(Short web captions)

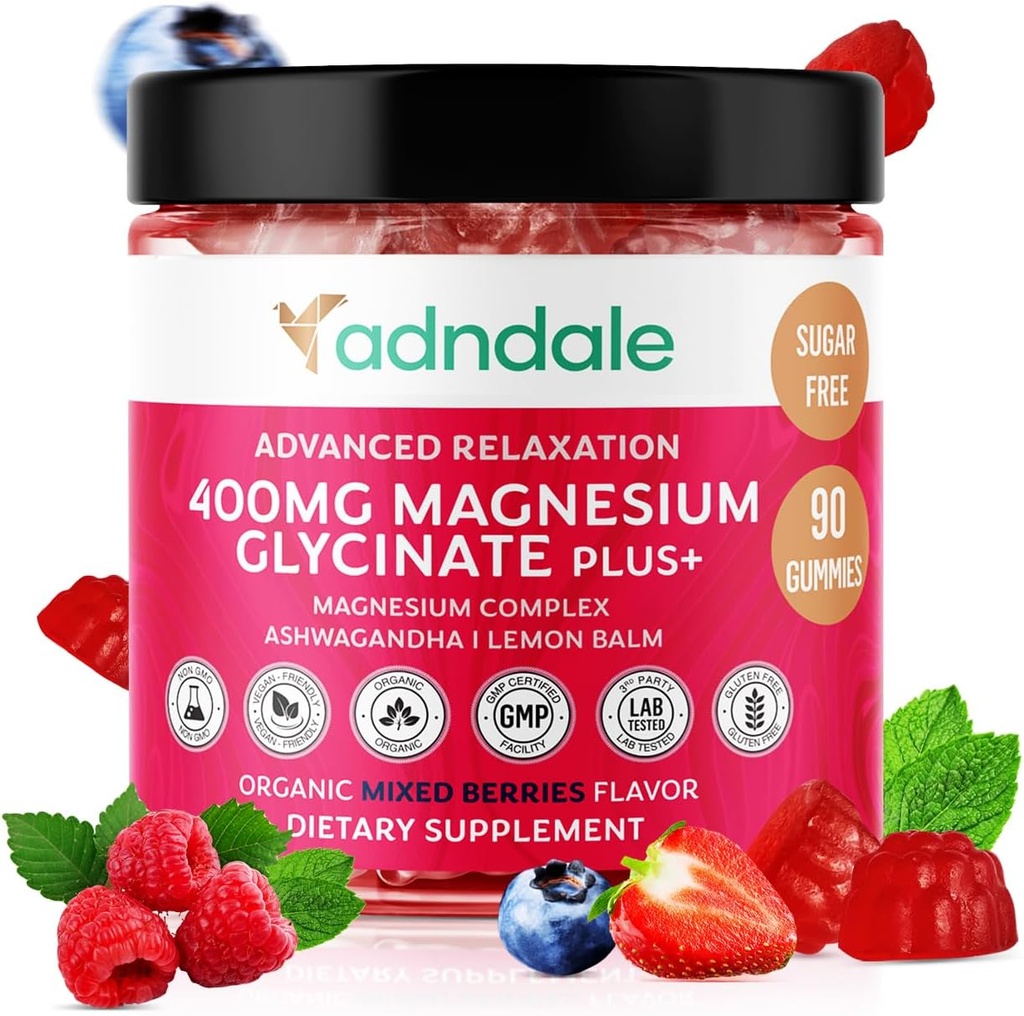 Adndale 90 CT Magnézium Glycinate Gummies 400 mg/Serv s Ashwagandha, Magnéziummalát a taurate, bezcukrové žuvačky pre dospelých a deti.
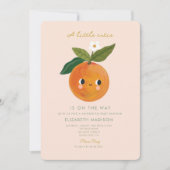 Invitation Little Cutie est sur le chemin Orange Baby shower (Devant)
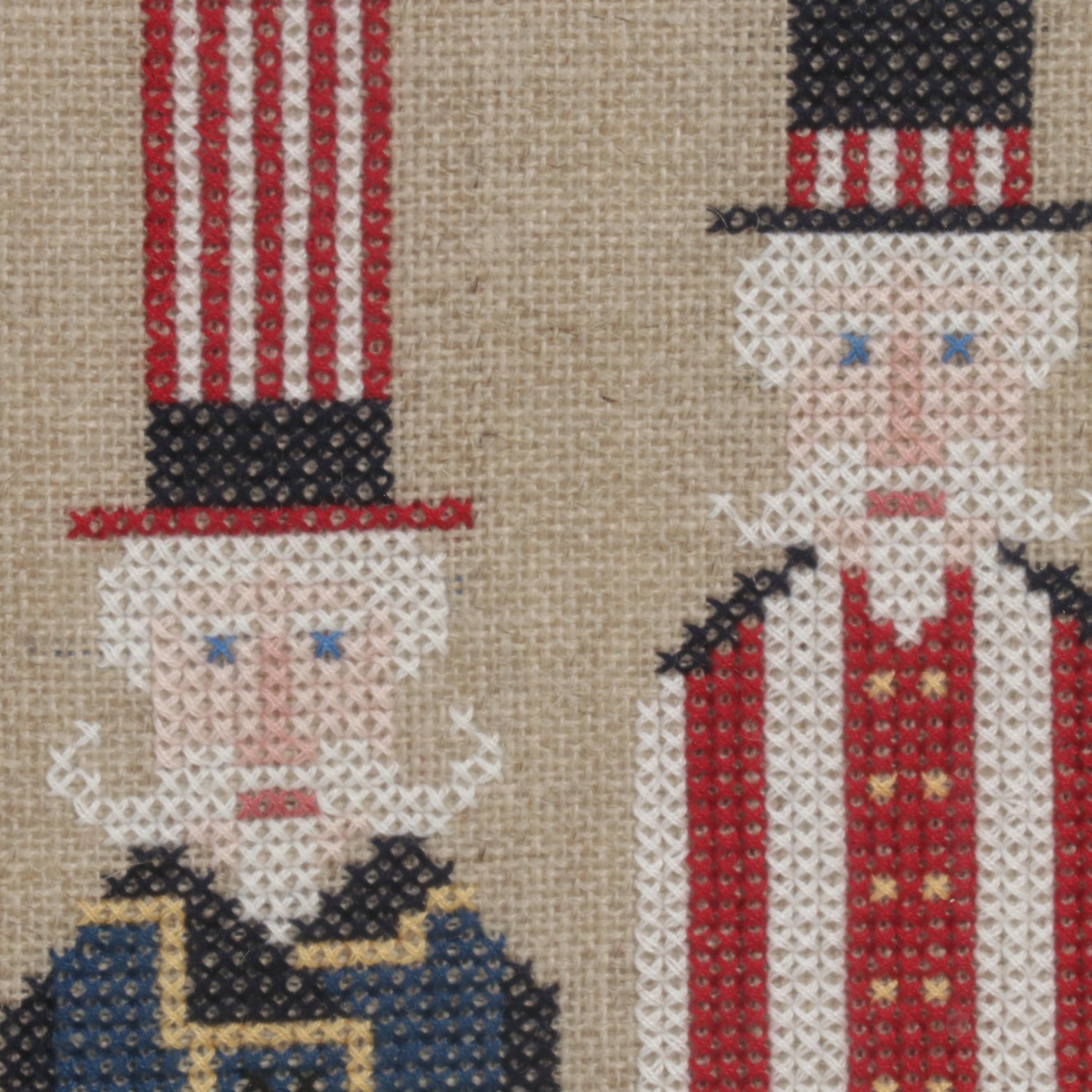 Patriotic Handmade Embroidery and Folk Art Cross-Stitch Panels, Late 20th C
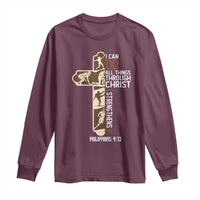 Christian Football Player Gift Long Sleeve Shirt God Gives Me Strength - Wonder Print Shop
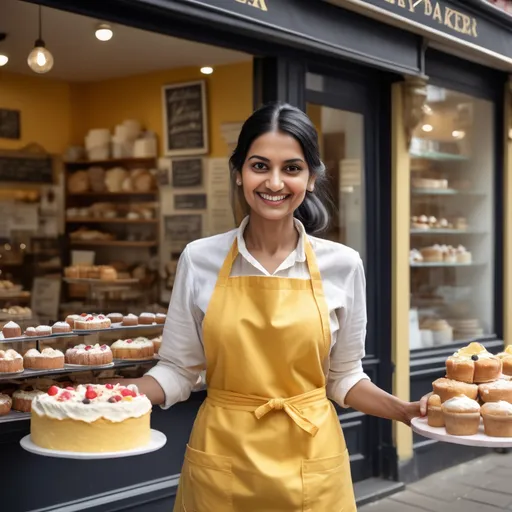 Prompt: Tall young woman walking down the high street, detailed clothing, realistic, natural lighting"A middle-aged Indian woman, early 30s, with long black hair tied back, wearing a bright yellow apron and holding a beautifully decorated cake. She is smiling warmly, standing in a cozy bakery setting with cakes and baked goods displayed behind her."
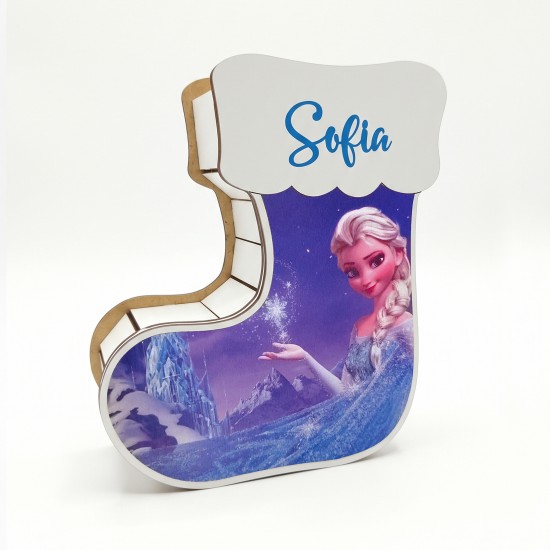 Suport Decorativ Cutie Cizmulita pentru Cadouri Mos Craciun - Mos Nicolae Personalizata cu Nume -  Model Printesa - 18x16x6.5 cm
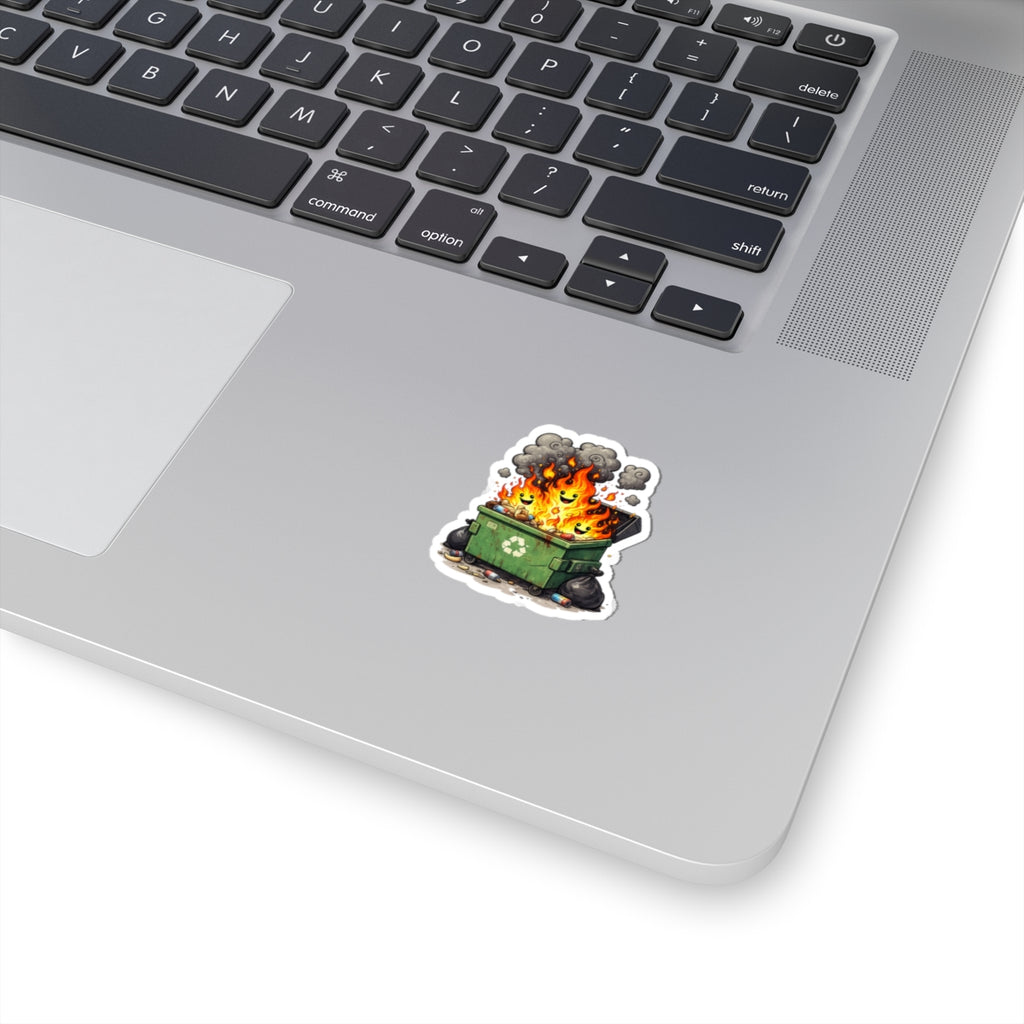 Dumpster Fire Kiss-Cut Sticker | Cute Flaming Trash Can Vinyl Sticker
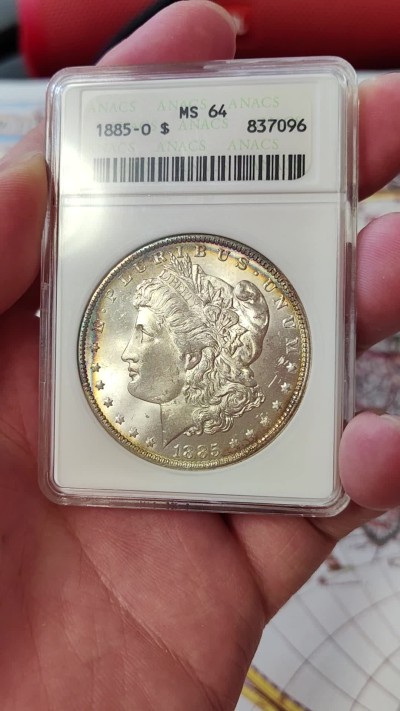橡树集藏-006场 海纳百川 anacs-ms64 1885年o版美国摩根银元 双面环彩 车轮霜光 绝版小白盒 自藏好品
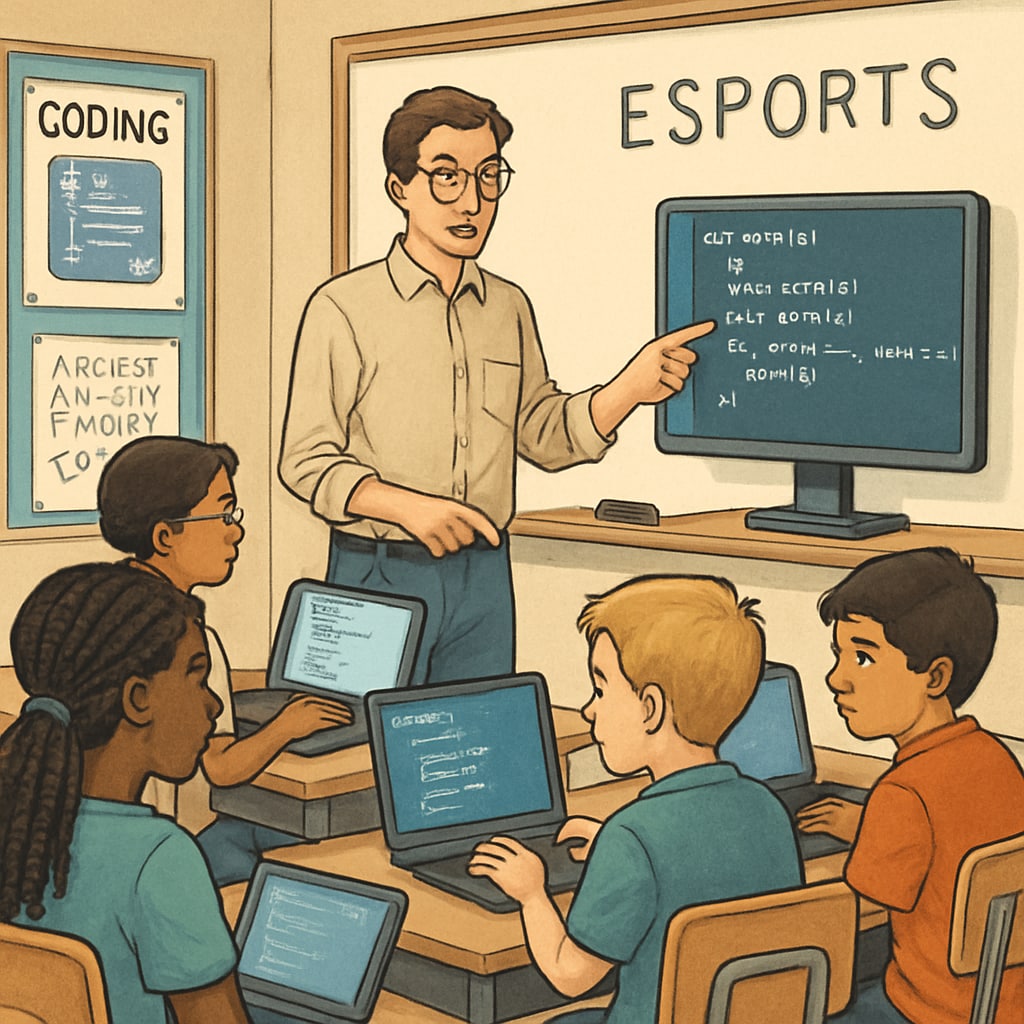 A teacher guiding students through an esports-related coding project in a classroom setting. This showcases the academic integration of esports into traditional subjects. Teacher guiding students in esports-related coding project, emphasizing educational innovation.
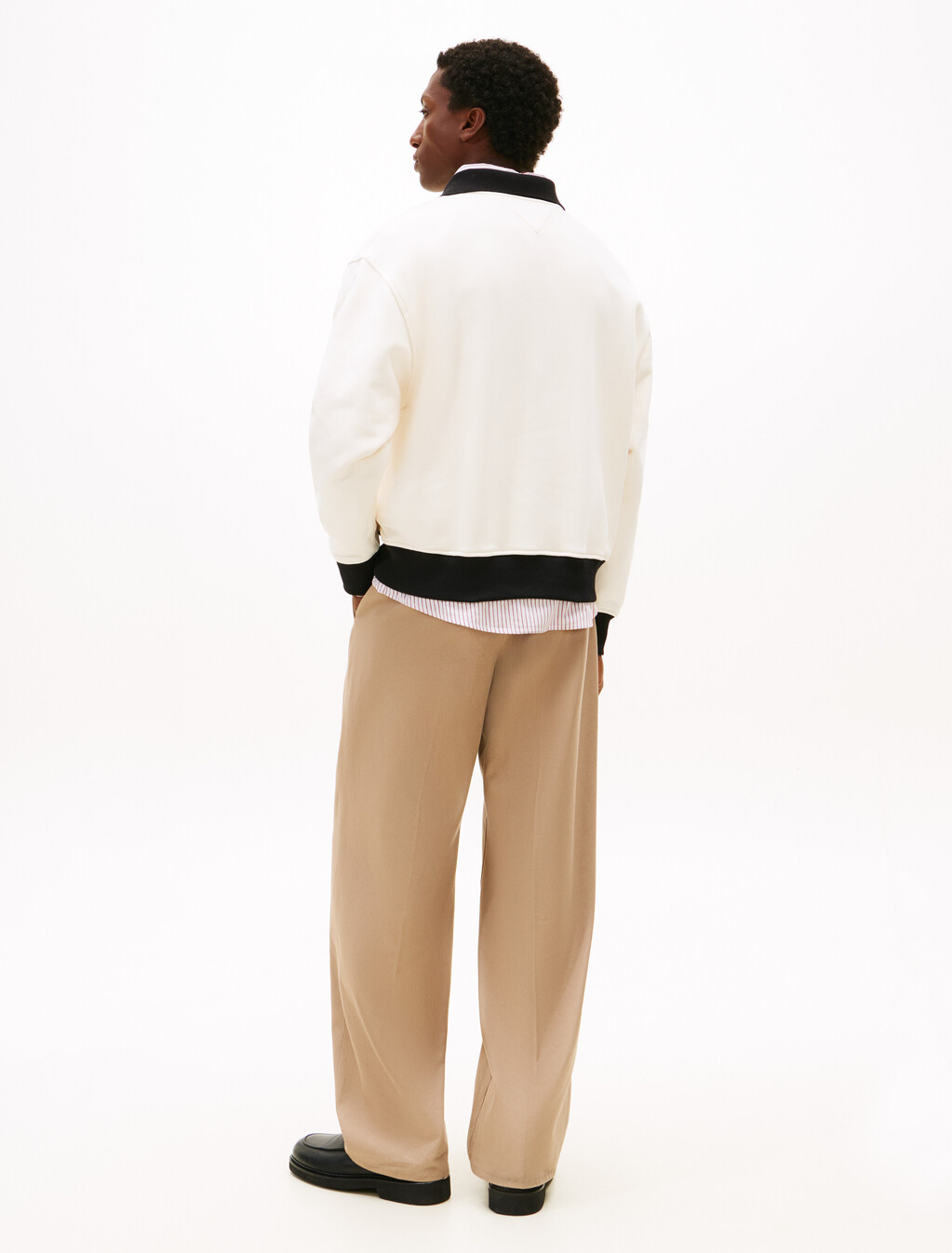 Logo Appliqu&eacute; Rugby Collar Sweatshirt, Ivory Petal, hi-res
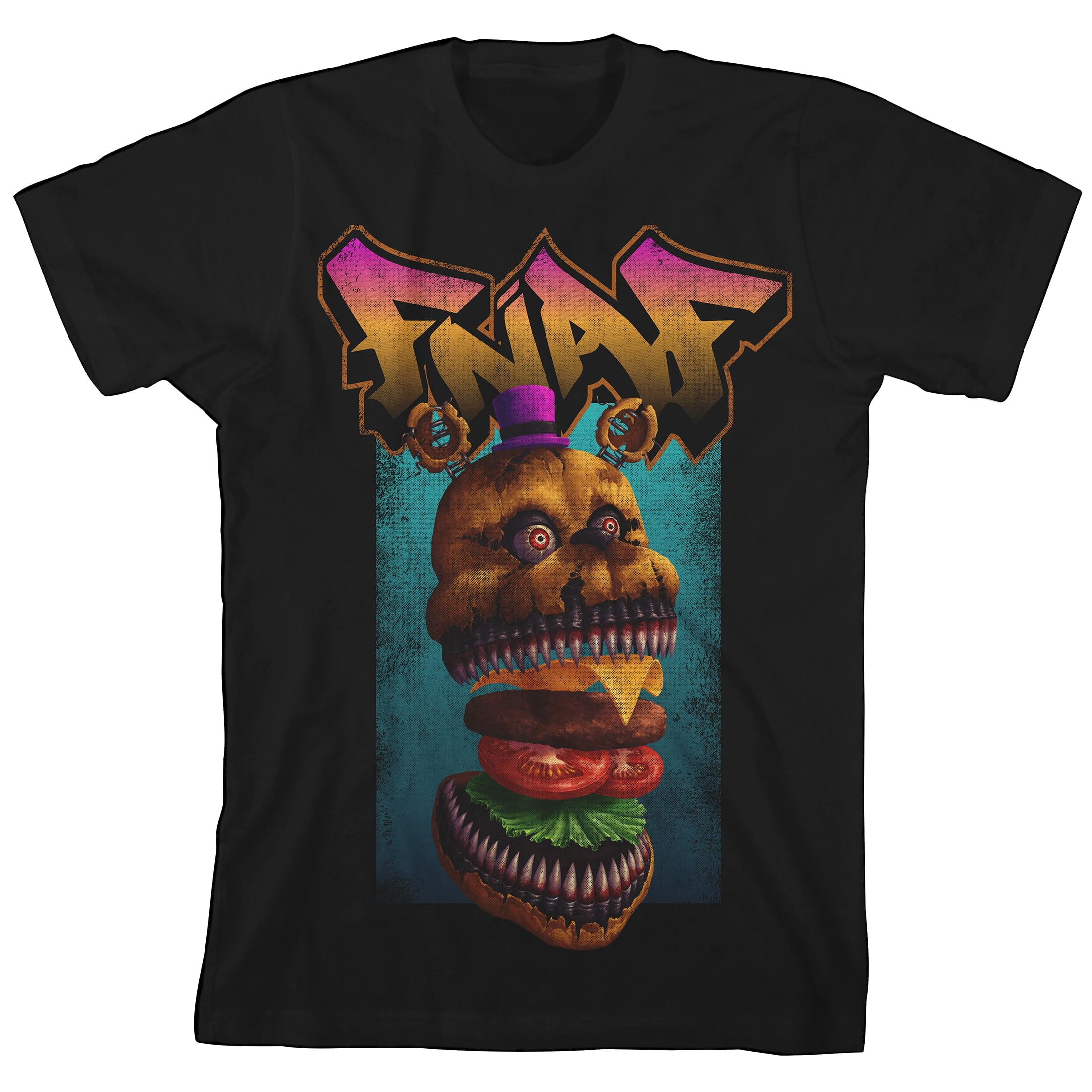 Bioworld Five Nights at Freddy's Freddy Burger Youth Black Short Sleeve Tee-XXL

**ASSIGNED TASK**
All entries need repeating exactly, but without the pictures.

**COMPLETED TASK**
 Adndale 90 CT Magnézium Glycinate Gummies 400 mg/Serv s Ashwagandha, Magnéziummalát a taurate, bezcukrové žuvačky pre dospelých a deti.
 Invitation Little Cutie est sur le chemin Orange Baby shower (Devant)
 Patriotic Handmade Embroidery and Folk Art Cross-Stitch Panels, Late 20th C
 Christian Football Player Gift Long Sleeve Shirt God Gives Me Strength - Wonder Print Shop
 Prompt: Tall young woman walking down the high street, detailed clothing, realistic, natural lighting"A middle-aged Indian woman, early 30s, with long black hair tied back, wearing a bright yellow apron and holding a beautifully decorated cake. She is smiling warmly, standing in a cozy bakery setting with cakes and baked goods displayed behind her."
 Suport Decorativ Cutie Cizmulita pentru Cadouri Mos Craciun - Mos Nicolae Personalizata cu Nume -  Model Printesa - 18x16x6.5 cm
 Dumpster Fire Kiss-Cut Sticker | Cute Flaming Trash Can Vinyl Sticker
橡树集藏-006场 海纳百川 anacs-ms64 1885年o版美国摩根银元 双面环彩 车轮霜光 绝版小白盒 自藏好品
 A teacher guiding students through an esports-related coding project in a classroom setting. This showcases the academic integration of esports into traditional subjects. Teacher guiding students in esports-related coding project, emphasizing educational innovation.
 Logo Appliqu&eacute; Rugby Collar Sweatshirt, Ivory Petal, hi-res
 Bioworld Five Nights at Freddy's Freddy Burger Youth Black Short Sleeve Tee-XXL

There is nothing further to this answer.